● **Brief**:
Please give the listing again in full, leaving out its images.

● **Dataset section**:
╭──

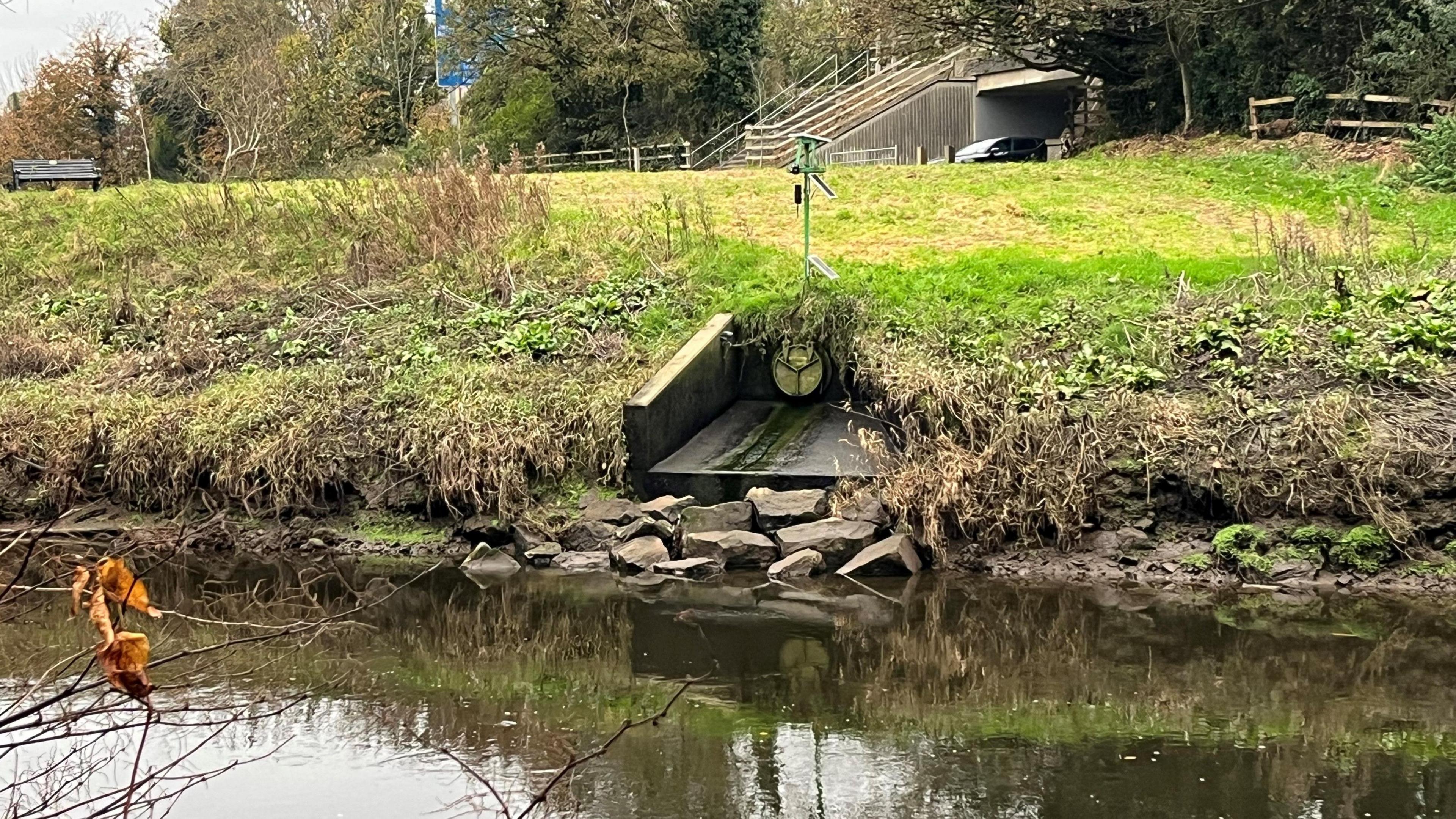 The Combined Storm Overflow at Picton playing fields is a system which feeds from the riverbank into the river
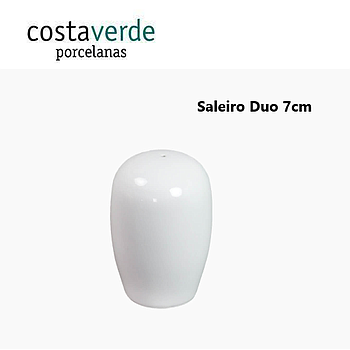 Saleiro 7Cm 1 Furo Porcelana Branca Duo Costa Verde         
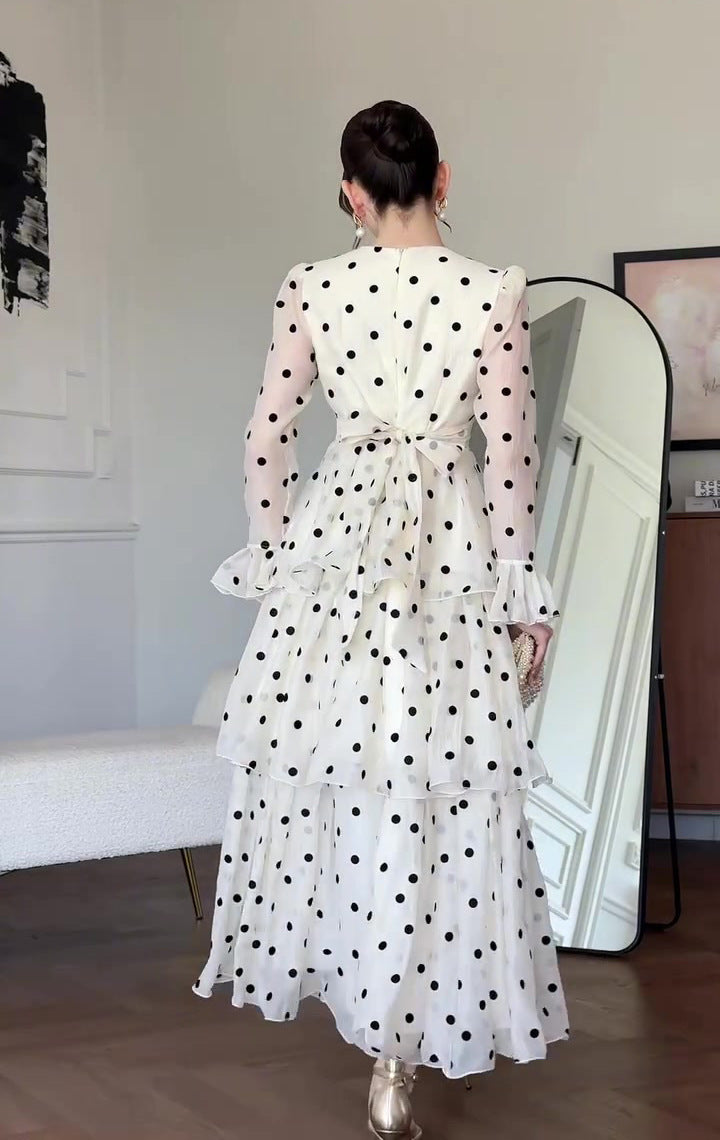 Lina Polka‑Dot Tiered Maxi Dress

╰──

● **Answer to the exercise**:
 The Combined Storm Overflow at Picton playing fields is a system which feeds from the riverbank into the river
 Saleiro 7Cm 1 Furo Porcelana Branca Duo Costa Verde         
 Lina Polka‑Dot Tiered Maxi Dress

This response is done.